Pickering Beach Community Church 

By 1945, Stanley Mann had become a fundamentalist Christian, and established a Sunday school at his home in the spring of 1945. In 1949, he founded the Pickering Beach Mission, and donated a lot at the corner of Lakeview Boulevard and Cherry Street for building a church. He started the construction of the Pickering Beach Community Church, with help and donations from other local residents, and from his friends based in Oshawa and Whitby.

The Church was dedicated on 24 June 1950, with a congregation of 160 people. Further additions were made to the church in the following year, to make it usable throughout the year. In 1956, an auditorium was added.

The Church closed after MTRCA acquired lake front properties. It held its final service on 30 December 1973, and its con­gregation voted to unite with the Baptist congregation in Ajax. A Sunday bus service was established to help the Pickering Beach residents travel to the Ajax Baptist Church.

School 

Around 1860, United Empire Loyalists had built a school on the Pickering Beach Road. Initially, the children of the Pickering Beach community attended this school, known as the "little red brick school".

As the number of students increased with rise in population, a new school building was proposed at a Pickering Township meeting. Stanley Mann donated land in the park for the proposed building, and the cost of constructing the building was covered by grants. The local Home and School Association raised the funds for equipment and other costs through bingo, euchre, plays and carnivals.

The construction of the new school - named Paradise School - began in June 1954, but the nearly-complete structure was destroyed by Hurricane Hazel on 15 October 1954. The school building opened in June 1955, and 100 students started classes there in September. Stanley Mann served as superintendent for the Pickering Beach School District during the 1950s. He died in Florida, around 1960.

Like the church, Paradise School closed in 1974, after MTRCA acquired its land for the parkland.

Fire station 

In the 1950s, there were two major house fires in the area. The Pickering Township agreed to establish the South East Pickering Fire Hall, on the condition that the local residents provided the volunteers for operating it. The fire station was initially established in the form of a garage-like structure that accommodated a trailer carrying a water pump, a fire hose and nozzles.

In 1967, a cement block building housing a fire truck replaced the garage. The volunteer firemen's wives often answered the calls, as the men had full-time jobs.
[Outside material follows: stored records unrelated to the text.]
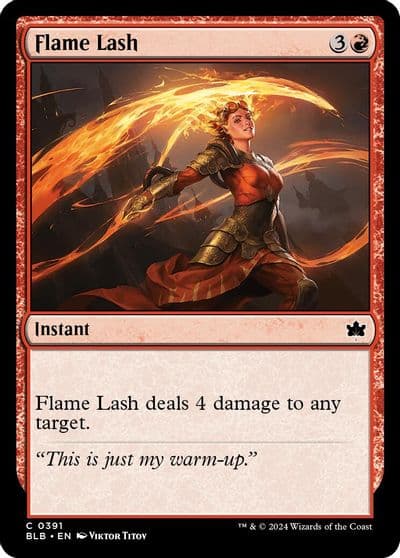 Flame Lash Bloomburrow Magic card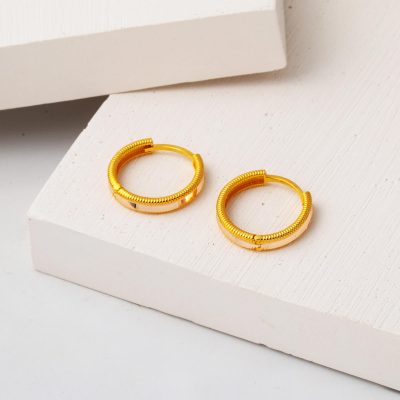 Ajda Altın Halka Küpe 14 Ayar 2 cm. Çaplı - 14K - 3.59g - EZ Gold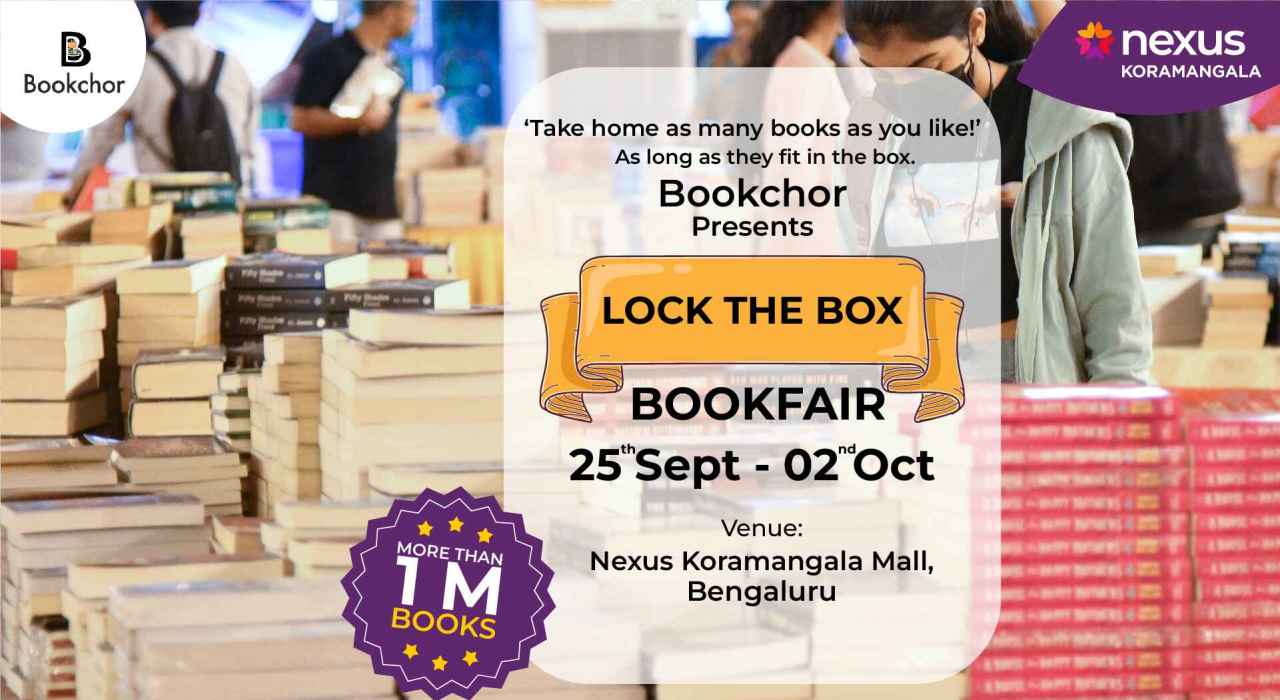 Lock the Box : Bookchor's Book Sale (25th Sep-2nd Oct at Nexus Koramangala Mall)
The women also helped raise funds for the costs not covered by the Township, by organizing bake sales, euchre nights, and dances held at the local school.

Besides fighting fires, the fire department helped erect sandbag barriers at the lake, and participated in other community projects. In 1974, after amalgamation of Pickering Beach into the town of Ajax, the South East Pickering Fire Department became part of the Ajax Fire Department. In 1989, the South East Pickering fire station shut down, and the town's Parks and Recreation Department started using its building as storage.

MTRCA expropriation and merger with Ajax 

In the early 1970s, the Metropolitan Toronto and Region Conservation Authority (MTRCA) began acquiring property along the lake front east of Toronto. Around 20 homes, the Pickering Beach Community Church, and the Paradise School building were demolished for a parkland.

In 1974, the unincorporated community became a part of the town of Ajax. The local beach was now part of Ajax instead of the neighbouring city of Pickering, which retained the Township's name. In the late 2010s, the beach was renamed to "Paradise Beach".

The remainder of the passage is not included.